Le 23 novembre 1944, Wagner s’enfuit à la dernière minute de Strasbourg pour ne pas tomber entre les mains des Français, mais il reparut en Alsace dans la poche de Colmar. Le 30 décembre, il annonça à la radio : « Le Reich national-socialiste reviendra (…) ne trahissez pas votre sang allemand. N’aidez pas l’ennemi, aidez l’Allemagne…»

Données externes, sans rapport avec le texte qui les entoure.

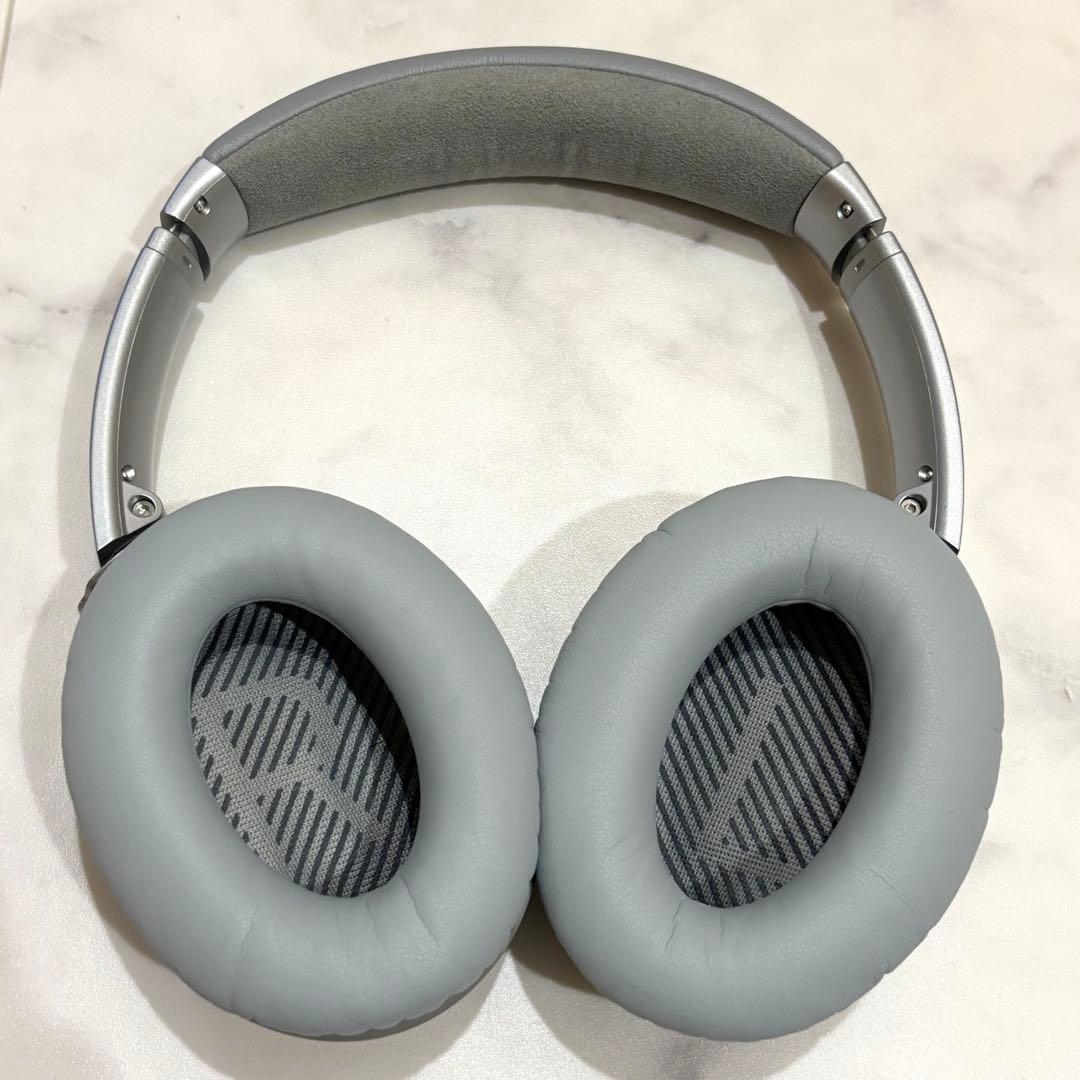 美品✨BOSE ヘッドホン QuietComfort35 廃盤カラー シルバー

Il se cacha à l’arrivée des Alliés en Bade. Ayant appris le suicide de sa femme détenue à Paris, il se rendit le 29 juillet 1945 à Stuttgart à la police militaire américaine. Il fut remis aux Français et transféré à la prison de la citadelle de Strasbourg en janvier 1946. Inculpé de recrutement illégal de force armée, détention arbitraire, homicides volontaires avec préméditation, il fut traduit avec sept de ses subordonnés, devant le Tribunal militaire de Strasbourg à partir du
23 avril 1946. Il se retrancha en général derrière les ordres reçus de Hitler. Le commissaire du gouvernement, représentant l’accusation, ne fut pas très brillant, ce qui fit dire à un journaliste que « ce grand procès fut un procès sans grandeur ». Il fut condamné à mort le 3 mai 1946. Après le rejet de son pourvoi en cassation, il fut
fusillé au fort Ney le 14 août 1946. Il garda une attitude provocante devant le peloton d’exécution. Après avoir acclamé son Führer Adolf Hitler, l’Allemagne et l’Alsace allemande, ses derniers cris furent des injures à l’adresse de ses juges et de la justice française en général. Ses restes furent inhumés au cimetière de Strasbourg-Cronenbourg, dans le carré des suppliciés. Croix de fer de 1ère classe 1914-1918.